J.R.R. Tolkien is renowned for his creation of tree creatures, such as Old Man Willow in the Old Forest near the Shire, as well as the Huorns of Fangorn Forest and, most famously, the Ents, the tree shepherds who gather together in moots. These all appeared in The Lord of the Rings (1954-55), but they may have an antecedent in an obscure short novel published (while Tolkien was an undergraduate) by a recent Oxford graduate.

The Word of Teregor is the only published book by Guy Ridley (1885-1947), a barrister who was on the far fringe of the Bloomsbury literary group, and who was a participant in the famous 1910 Dreadnought Hoax where Virginia Woolf and other friends pretended to be a party of Abyssinian royals, and were treated to a privileged tour of the H.M.S. Dreadnought, the flagship of the Royal Navy.
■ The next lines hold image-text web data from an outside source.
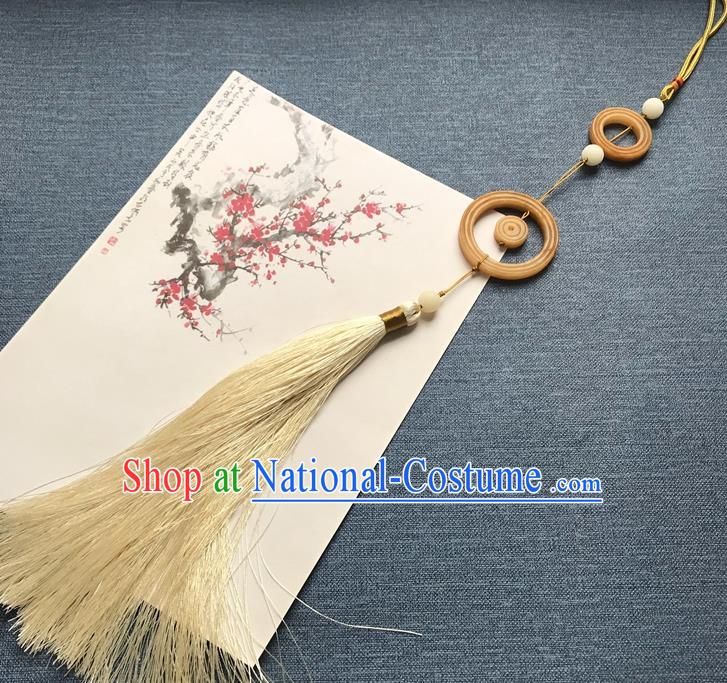 Chinese Ancient Hanfu Beige Tassel Pendant Yellow Jade Brooch Jewelry Accessories Lappet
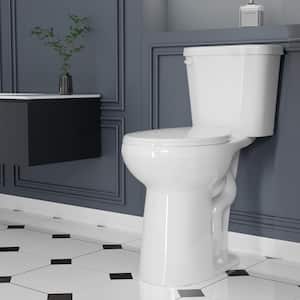 2-Piece 1.28 GPF Single Flush 12 in. Rough in Round Tall Toilets for Seniors 21 in. White, Soft Close Seat Included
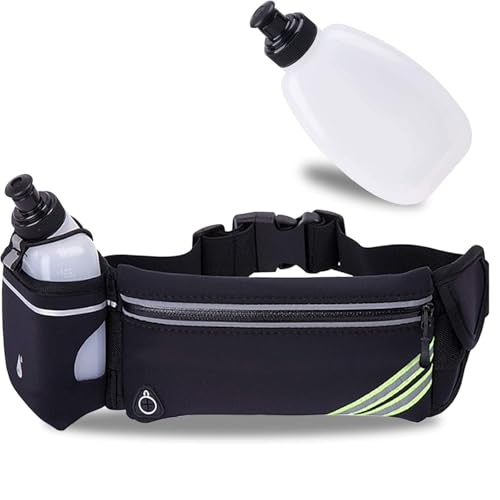 Running Belt Bag with Foldable Water Bottle Holder & Bottles Included | Large Water-Resistant Waist Pack with Phone Pocket | Hydration Fanny Bag for Men & Women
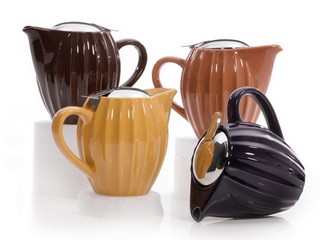 Stoneware & Stainless Steel textured i-pot Teapot w/ Infuser, 24 oz 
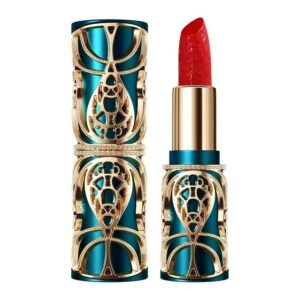 Chinese carved lipstick with the "Dancing Phoenix" motif - matte velvet texture, long-lasting, leaves no residue on the cup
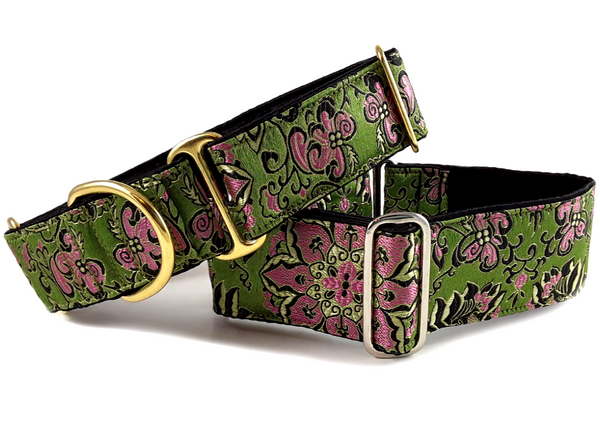 1.5&quot; &amp; 2&quot; Brocade Martingale Collars and Buckle Dog Collars
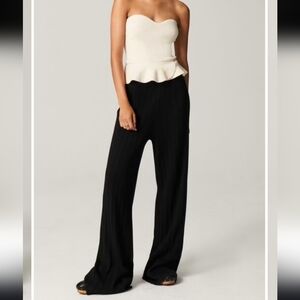 Ba&sh Erwan Wool Blend Knit Wideleg Trouser Pants Black Size 3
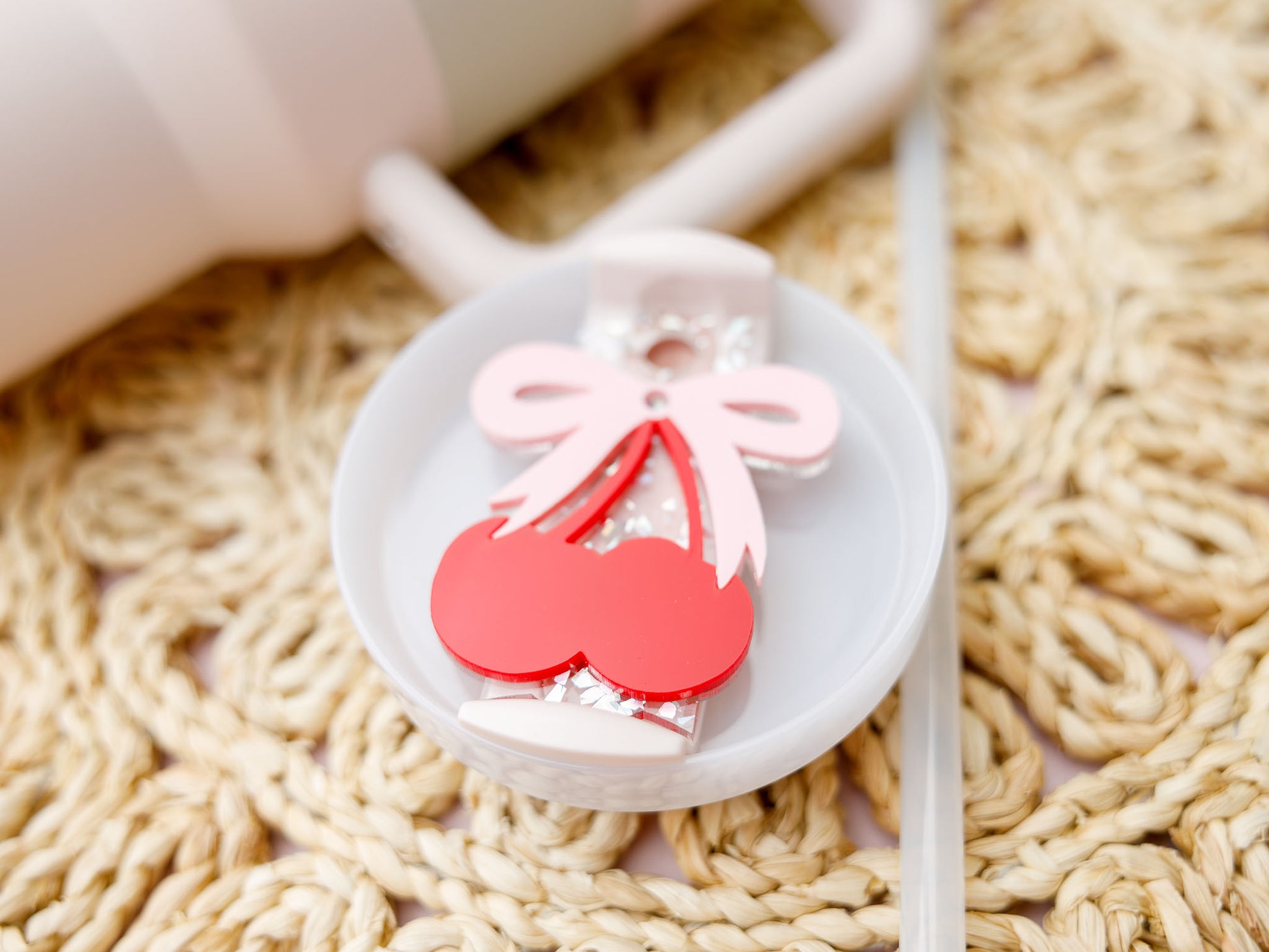 Bow Cherry Stanley Tumbler Name Tag - MaiCre8tions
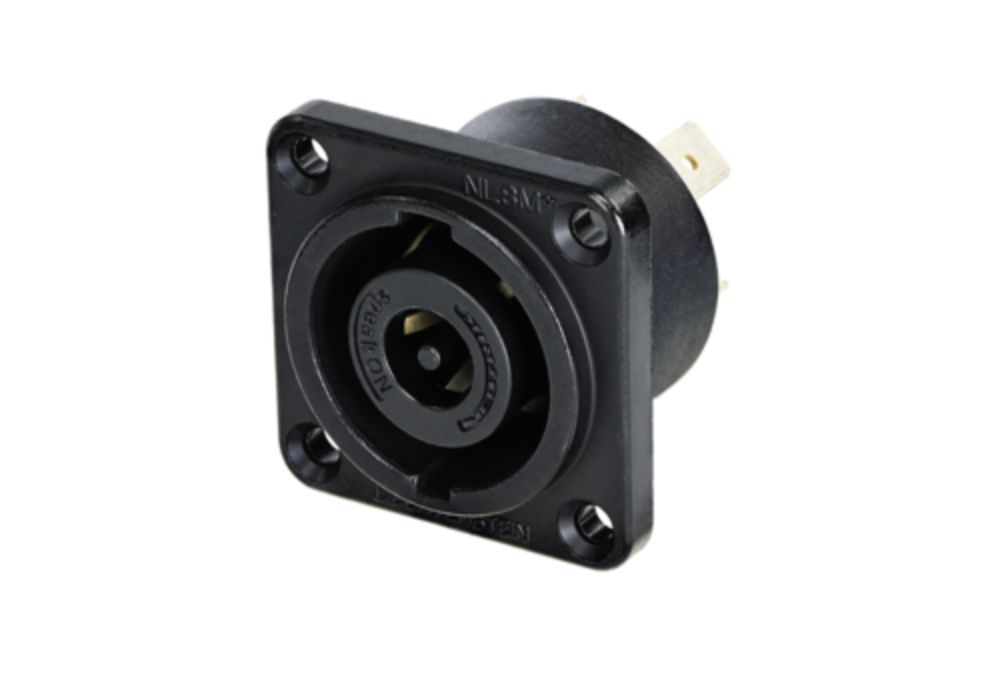 Neutrik NLT8MPXX-BAG - speakON 8-pin speaker connector, chassis plug, black metal housing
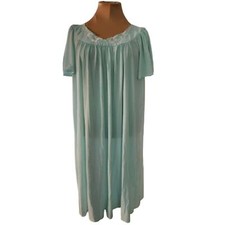 Vintage Miss Elaine Aqua Blue Nightgown Women's Large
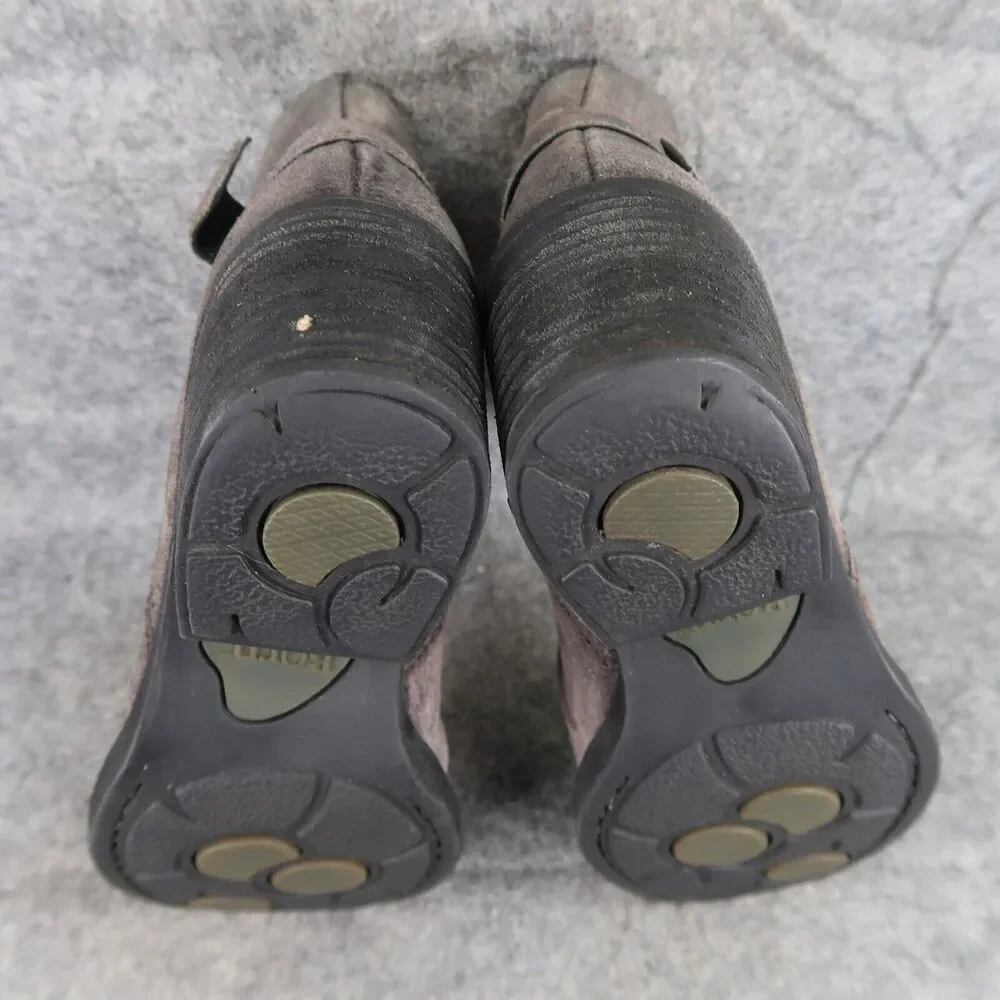 Born Shoes Womens 5.5 Booties Leather Casual Fashion Adia Moto Gray Block Heel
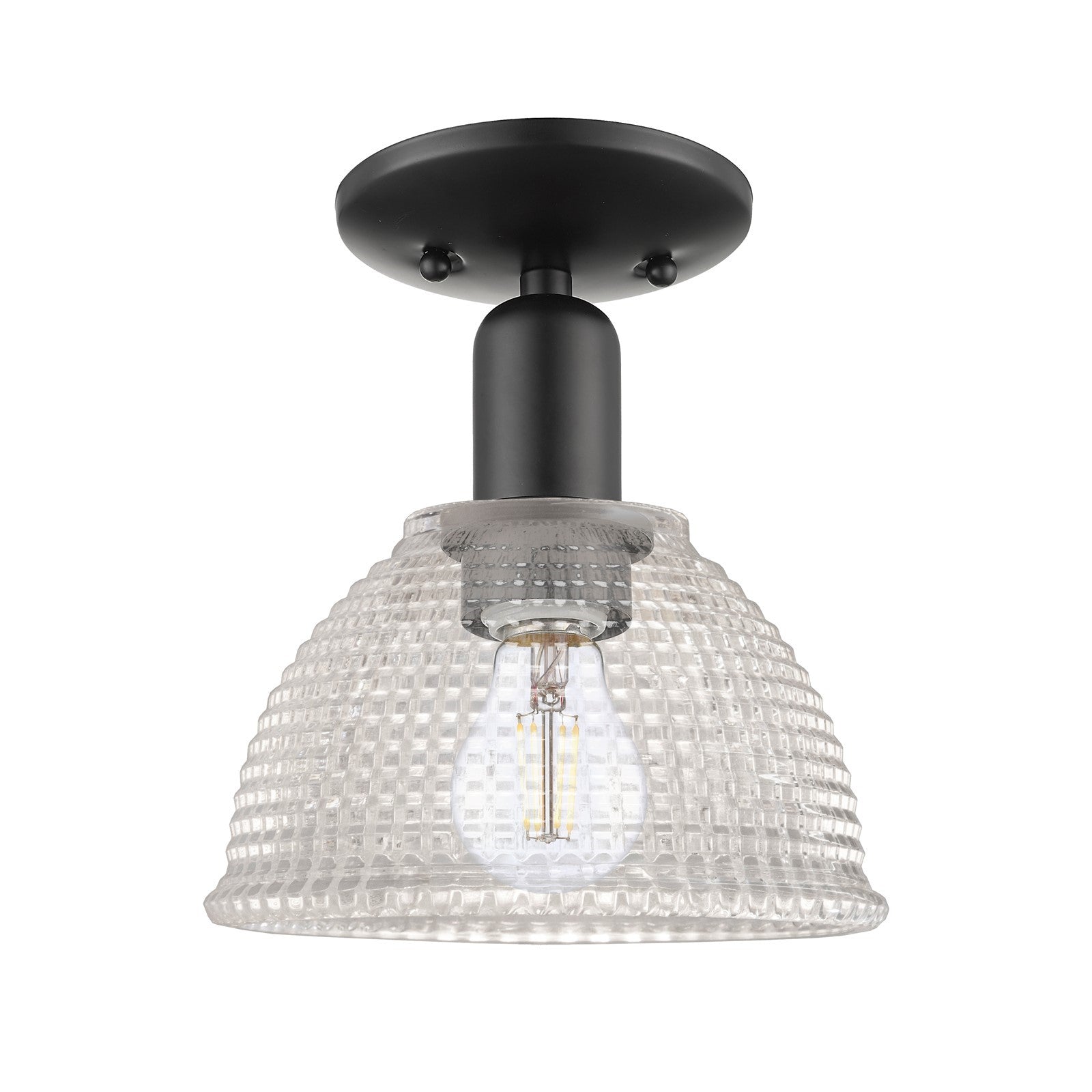 Innovations Arietta 8in 1-Light Semi-Flush Mount | Industrial Matte Black Steel and Clear Glass | Hallway & Entryway | 8 x 8 x 9.5 | Model 716-1C-BK-G422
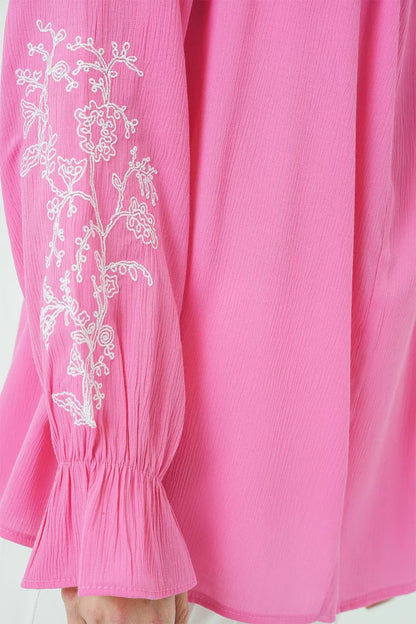 Kadın Bagcıklı Nakışlı Kol Pembe Bluz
The resultant publicity caused great embarrassment for the British Navy.

Basically, The Word of Teregor is a kind of mythic pre-history of a Forest, ruled over at first by the great oak Teregor, and afterward by Forgar the King. The various types of trees have individualities, like the ash-tree Anith the Beautiful, Sork the Yew-tree, and Rak the horned oak (a sinister menace on the order of Tolkien's Old Man Willow). One tree is even called Enteth, and the trees move about mysteriously and gather together in Moots. There is no evidence that Tolkien knew this short novel, but the similarities are intriguing.